My artwork is currently built upon a foundation of digital photography and traditional illustration. These techniques are frequently left to stand independently, but increasingly I combine and transform them into the unlimited possibilities provided by digital imaging. For illustrations I principally utilize charcoal and graphite, and I prefer black and white and sepia tones in my photographic and digital work.
I am compelled to use my artwork to teach people the importance of animals and our relationships with animals, specifically, and nature writ large. I look to answer such questions as: How and why have our beliefs about animals changed over time? How has imagery developed the values that reflect these beliefs, and how can we use art to affect those values for the future? I believe that iconography is important as it serves as a visual metaphor that has rich cultural meaning which can be both reflective of existing values and can communicate values that may precipitate change.

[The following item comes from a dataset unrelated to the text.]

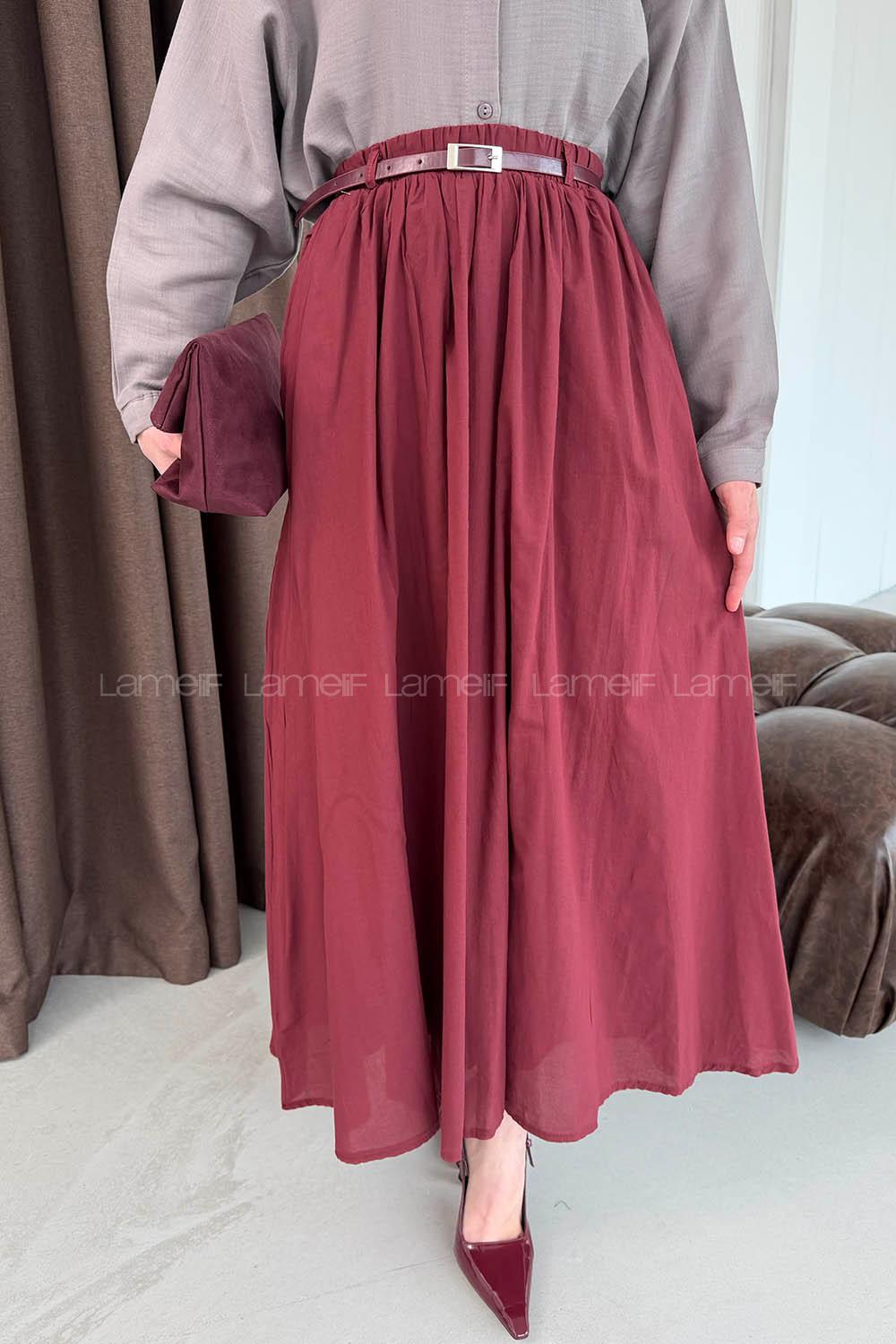 Lamelif Kemerli Cepli Tesettür Etek Bordo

I have been influenced by numerous of professionals from the disciplines of art, science and philosophy. As well, my grandfather and mother were both extremely talented and successful artists in their own right and gave me a healthy respect for the complexities of art and design. My equestrian colleagues helped me to cultivate a reverence for animals, and an understanding that “nothing that is forced can ever be beautiful”. My wonderful - and most loving grandmother always encouraged my enthusiastic passion for animals- and anything else that I wanted in life! And finally, my amazing husband is an inspiration to me, everyday, and he provides unwavering encouragement and support in all of my endeavors. These are the people who have helped me to define and elucidate beauty in nature, art, and life.

I believe that the interdisciplinary nature of art is synergistic in style and process. In one sense, art incorporates work from other academic fields. This serves as a platform to pursue my interests in the sciences (ethology, psychology, anthrozoology, ecology), the humanities (design, history, philosophy, mythology, literature and creative writing), as well as business (specifically, consumer behavior and marketing) as sources of inspiration for my study of art. Second, I believe that interdisciplinary art is less inclined to rely on traditional artistic media. This is appealing to me because I do not subscribe to being yoked to a particular medium. To me, the best medium is the one that works to convey the message or feeling compelled by the subject- whether that is photography, illustration, design, painting, film, creative writing, or some combination of same.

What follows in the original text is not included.